**YOUR GOAL**
Apart from the images, repeat the data below exactly as written.
─── AVAILABLE RECORDS
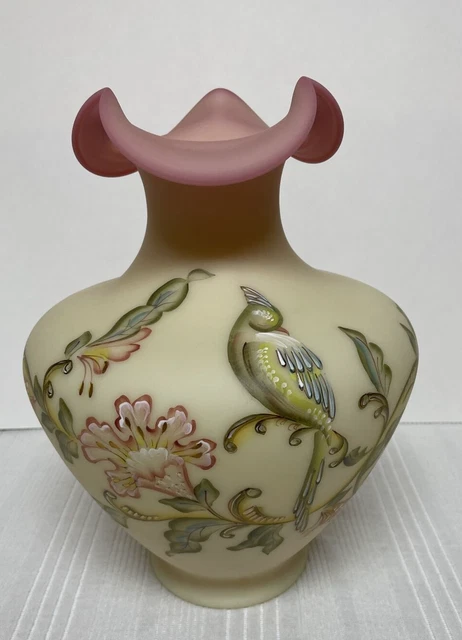 FENTON ART GLASS BURMESE Queen's BIRD OF PARADISE CONNOISSEUR COLLECTION VASE
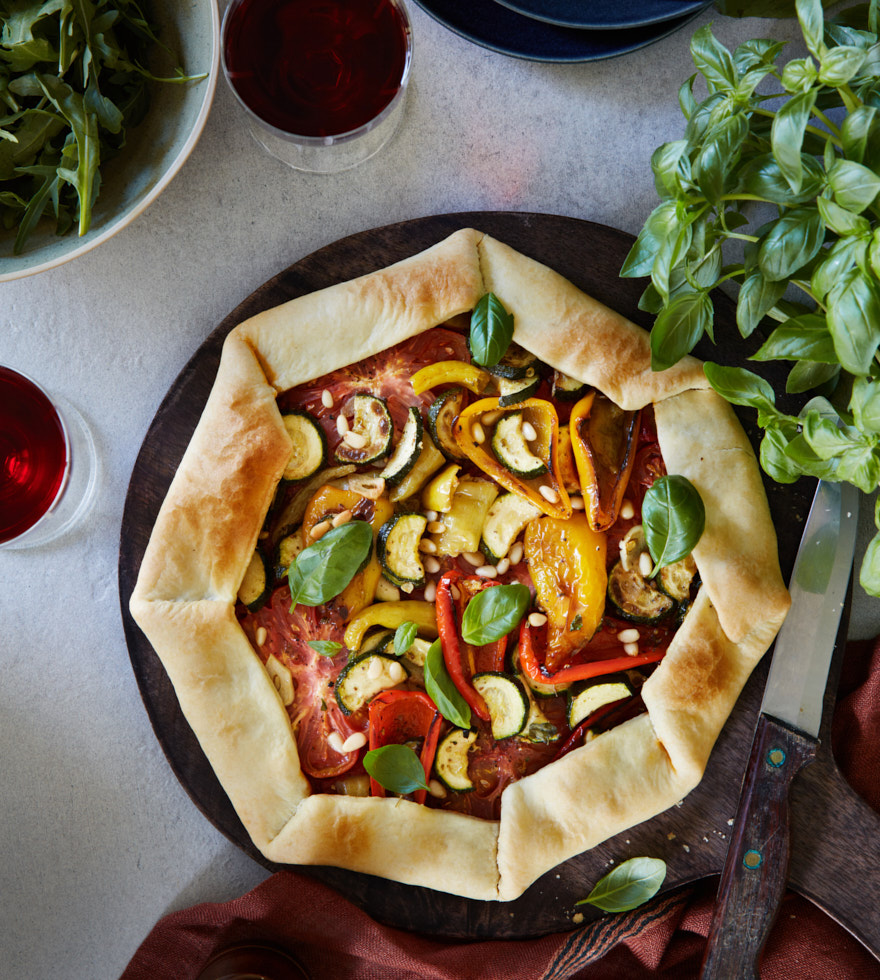 Mediterrane Galette mit Tomaten und Pfefferoni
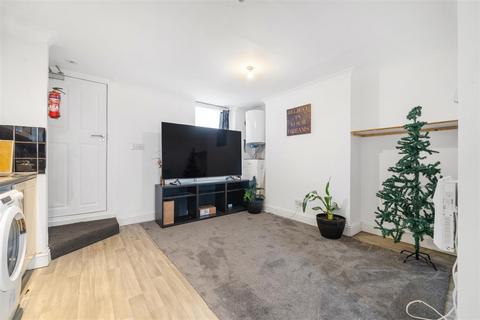 Maple Road, London, SE20 Studio for sale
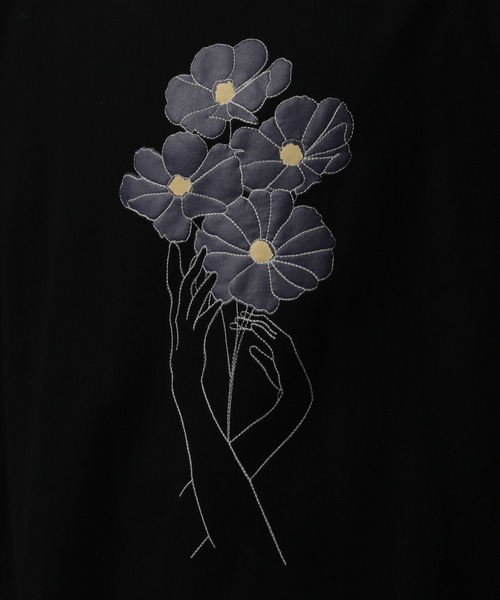 HARE（ハレ）の「フラワーステッチスウェット(HARE)（スウェット・メンズ・ブラック/パープル/オフホワイト・SMALL/MEDIUM）」の10枚目の写真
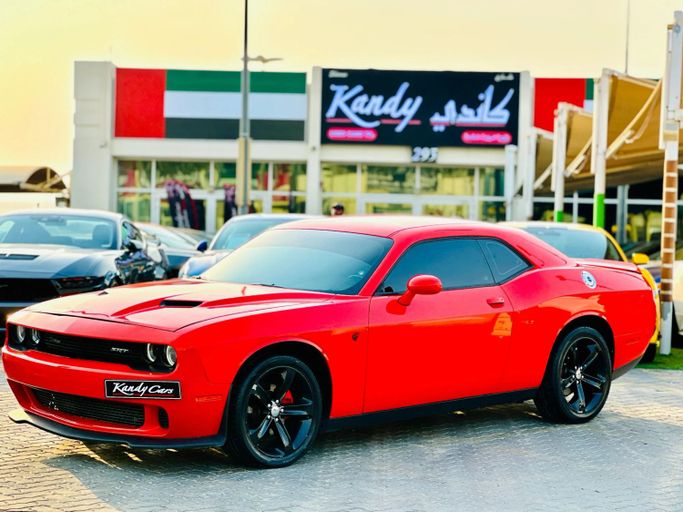 Подержанный Dodge Challenger SXT III Рестайлинг 2, 3.6 л, 2020 в Шардже от Kandy Cars Красный цвет. Американская | AUTO.AE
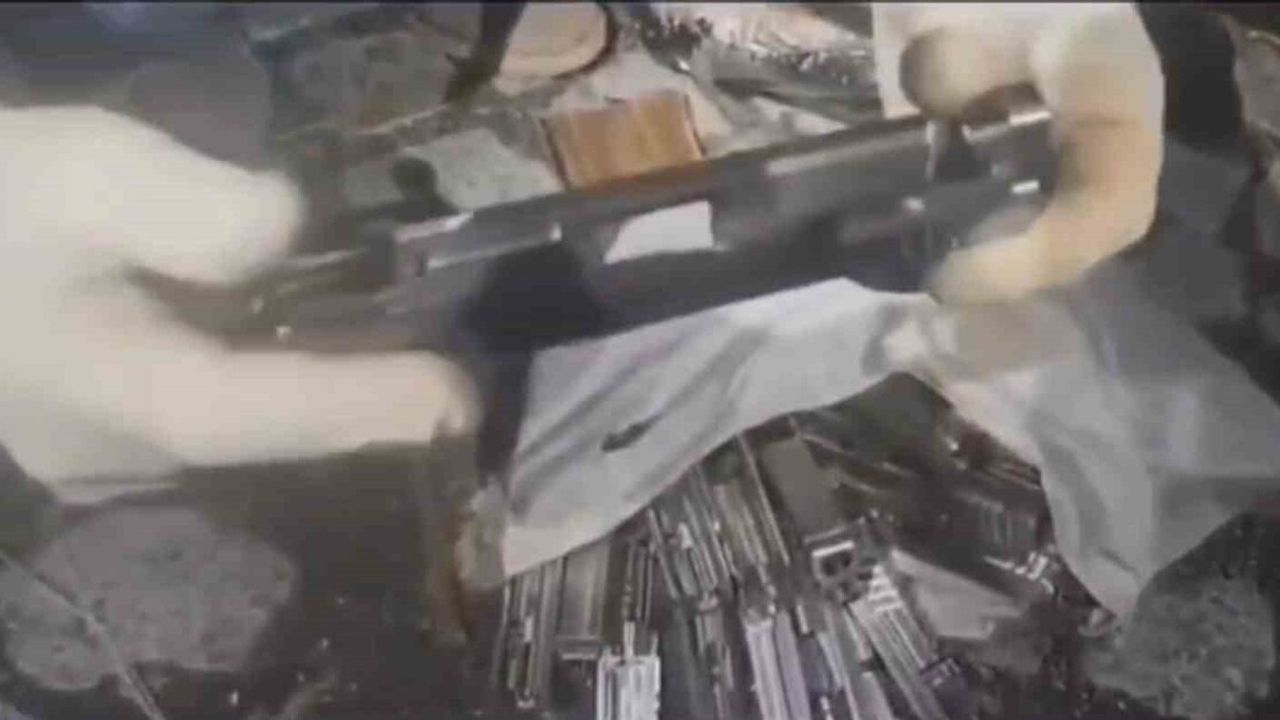 Erzin'de Yasadışı Silah Deposu Ortaya Çıktı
──────
**YOUR RESPONSE**
 FENTON ART GLASS BURMESE Queen's BIRD OF PARADISE CONNOISSEUR COLLECTION VASE
 Mediterrane Galette mit Tomaten und Pfefferoni
 Maple Road, London, SE20 Studio for sale
 HARE（ハレ）の「フラワーステッチスウェット(HARE)（スウェット・メンズ・ブラック/パープル/オフホワイト・SMALL/MEDIUM）」の10枚目の写真
 Подержанный Dodge Challenger SXT III Рестайлинг 2, 3.6 л, 2020 в Шардже от Kandy Cars Красный цвет. Американская | AUTO.AE
 Erzin'de Yasadışı Silah Deposu Ortaya Çıktı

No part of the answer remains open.